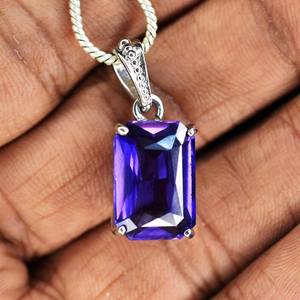 Pendentif en améthyste violette naturelle, argent sterling 925, collier avec pierre précieuse taille émeraude, bijoux fins, cadeau de fiançailles haut de gamme pour elle - Product Image 2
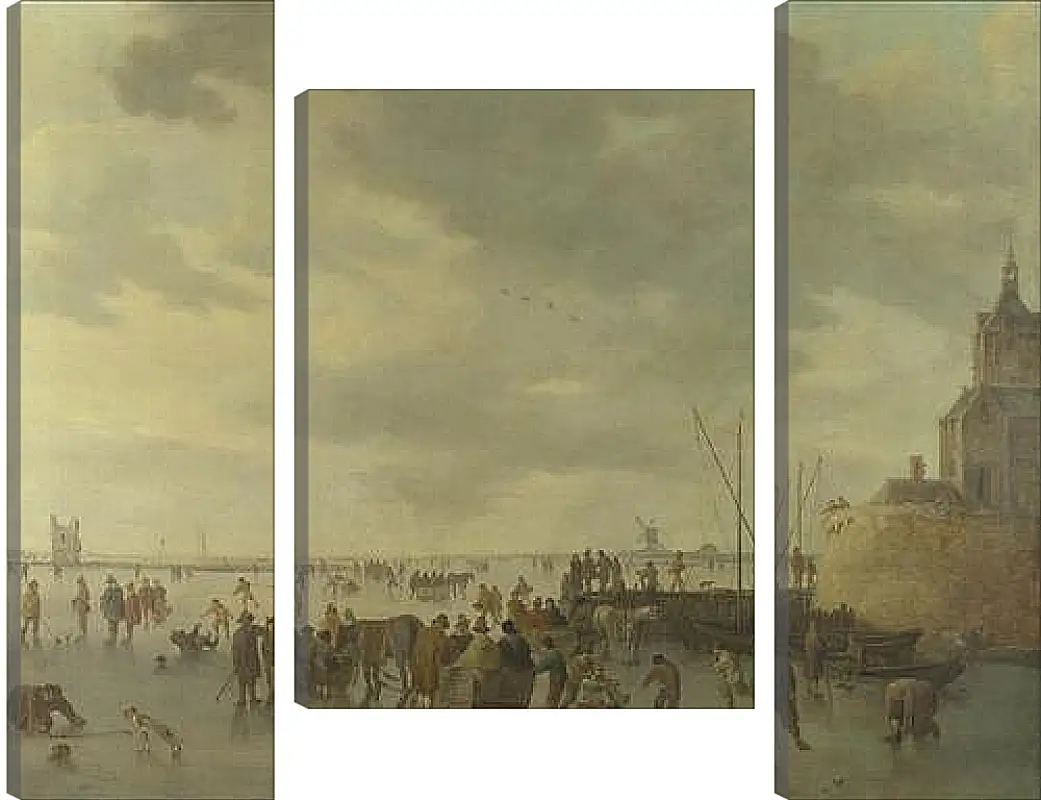 Модульная картина - A Scene on the Ice near Dordrecht. Ян ван Гойен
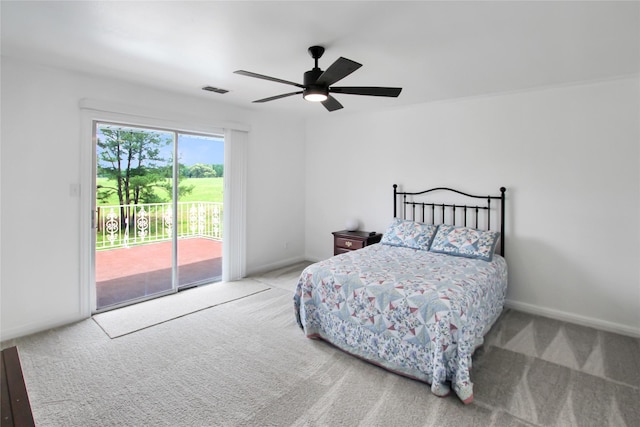 19413 US Highway 79 E, Jacksonville, TX 75766 - carpeted bedroom featuring access to outside, a ceiling fan, and baseboards
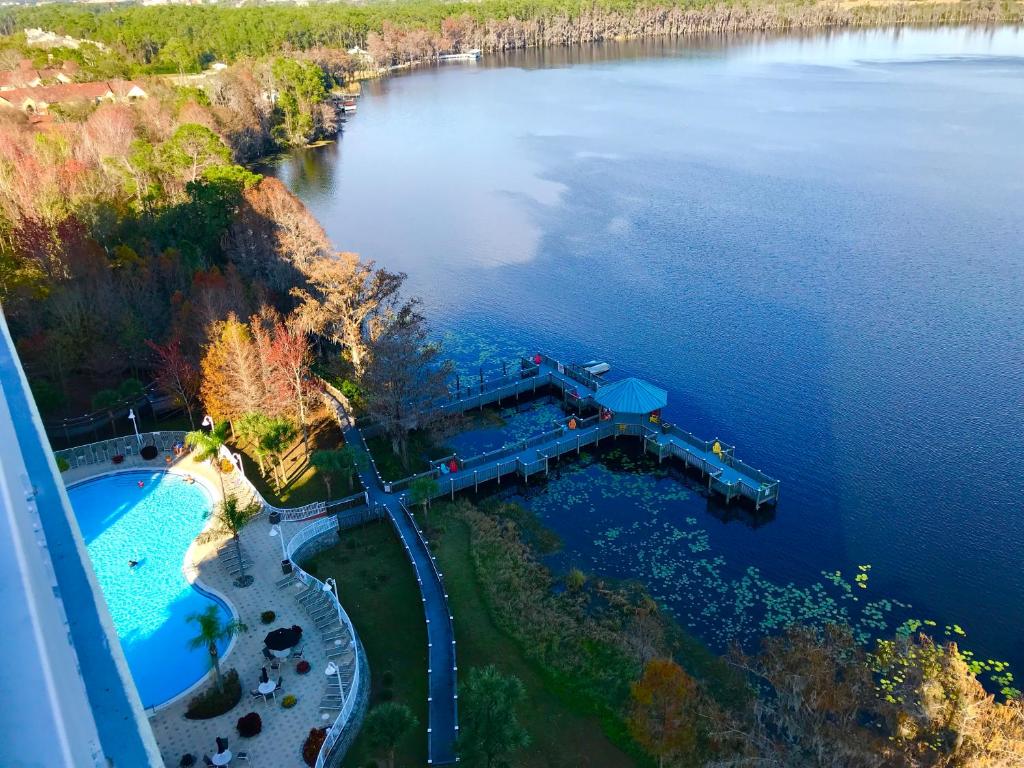 an aerial view of a resort on a lake at Blue Heron Beach Resort in Orlando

== == ==

Leaving the pictures out, give back each line above exactly.

WRITTEN SOLUTION:
 Pendentif en améthyste violette naturelle, argent sterling 925, collier avec pierre précieuse taille émeraude, bijoux fins, cadeau de fiançailles haut de gamme pour elle - Product Image 2
 Модульная картина - A Scene on the Ice near Dordrecht. Ян ван Гойен
 19413 US Highway 79 E, Jacksonville, TX 75766 - carpeted bedroom featuring access to outside, a ceiling fan, and baseboards
 an aerial view of a resort on a lake at Blue Heron Beach Resort in Orlando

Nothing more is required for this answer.